A project log for Intelligent Shields

A system to build intelligent shields, for use with Arduino, Raspberry Pi or directly connected to a computer.

Mattias WingstedtMattias Wingstedt 08/21/2014 at 01:141 Comment

SMBus already uses a dynamic address resolution, and SMBus is based on I2C. So maybe we could just use their algorithm?

SMBus relies on slave bus arbitration. Bus arbitration on I2C works by the node both writing to the bus, and listening to the bus. If several nodes write to the bus 0 always trumps 1. So if a node writes a 1 but reads a 0 it knows that several nodes are writing at the same time. It also loses arbitration and needs to shut up. In the dynamic address resolution of SMBus each node that needs an address writes its unique id. Since the UIDs differ the nodes must lose arbitration until only one is left. That node gets an address, and then the process repeats until all nodes have gotten an address.

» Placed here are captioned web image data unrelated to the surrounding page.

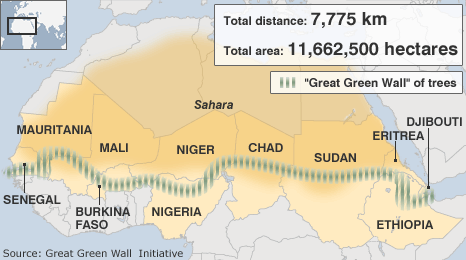 map of the Great Green Wall of Africa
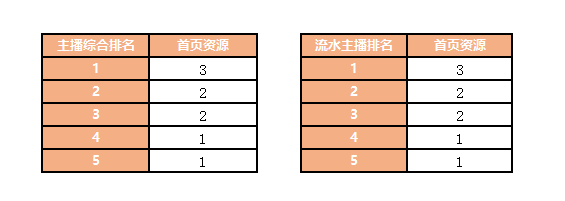 斗鱼直播平台COD16板块公会管理制度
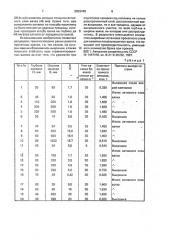 Способ ремонта прокатных валков (патент 2003449)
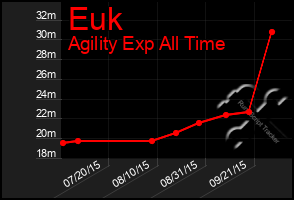 Total Graph of Euk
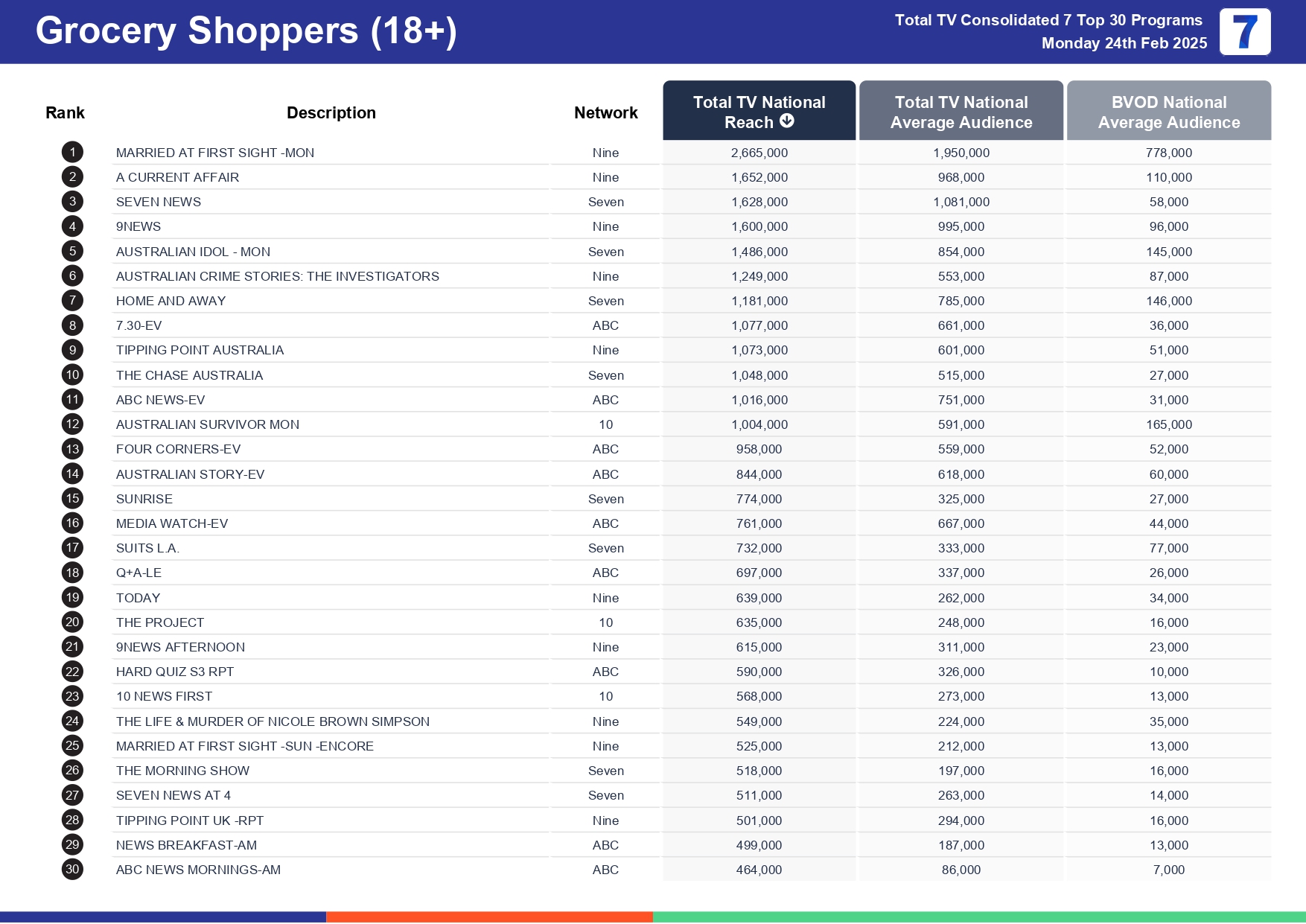 Monday 3 March 2025 TV Ratings Australia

However most AVR processors with I2C (or TWI) support do not support bus arbitration in slave mode. They only support bus arbitration in master mode. Which seem to make it impossible to implement the SMBus address resolution protocol on an AVR based Arduino. At least using the builtin TWI support, there is probably a way if you build a software I2C implementation.

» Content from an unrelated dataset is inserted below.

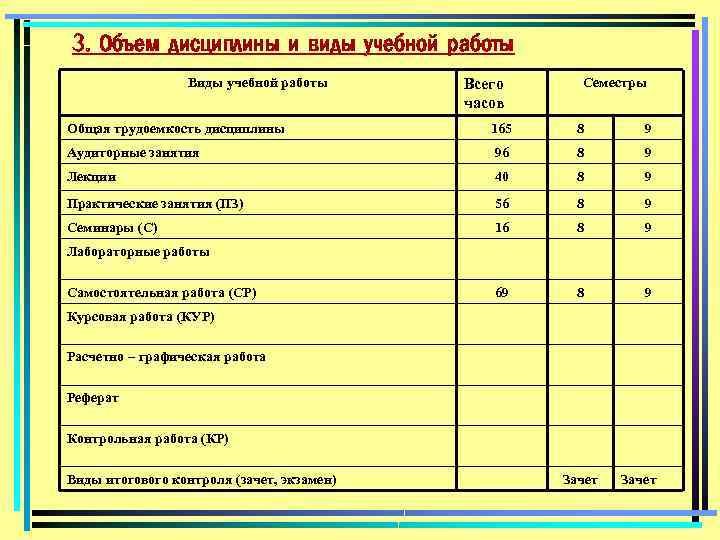 Трудоемкость образовательной программы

Another factor is that the SMBus standard requires a unique id for each node. Something which may make it harder to create firmware, since each shield would need its UID added in the flashing process.

So I think there are three ways to design a dynamic address resolution algorithm, that can be implemented on an AVR based Arduino:

1) A UID based approach, that uses bus arbitration in master mode
2) A random number based approach, that uses bus arbitration in master mode
3) An shield enable signal, that is connected between each shield, so we can enable each shield in order

I do not like the first approach because of the need to add a separate step when flashing the shield firmware

I am not sure how easy it is to get a good enough random number on an AVR processor. If it is easy then we should look into this approach.

Now I like the third approach best. The drawback is that it will not be as easy to build a board with through-hole connectors. However it will be easy using surface-mount components. Another advantage is that we will find the physical layout of the shields. We will know in which order the shields are stacked, and may use that order when programming.


John Matthias Syrinek wrote 07/18/2015 at 22:56 point

Great information! I'm trying to build a plug-and-play system, and not sure how to handle address conflicts with I2C either. I considered 1-3 as well, and for #2 - random number approach - if you have an extra ADC input pin, you could leave this pin floating and read its value. This may provide fairly random values.

By the way, have you found any SMBus libraries for Arduino? I'mA designing the slave-devices for a customizable pinball platform and am considering using Atmega8's.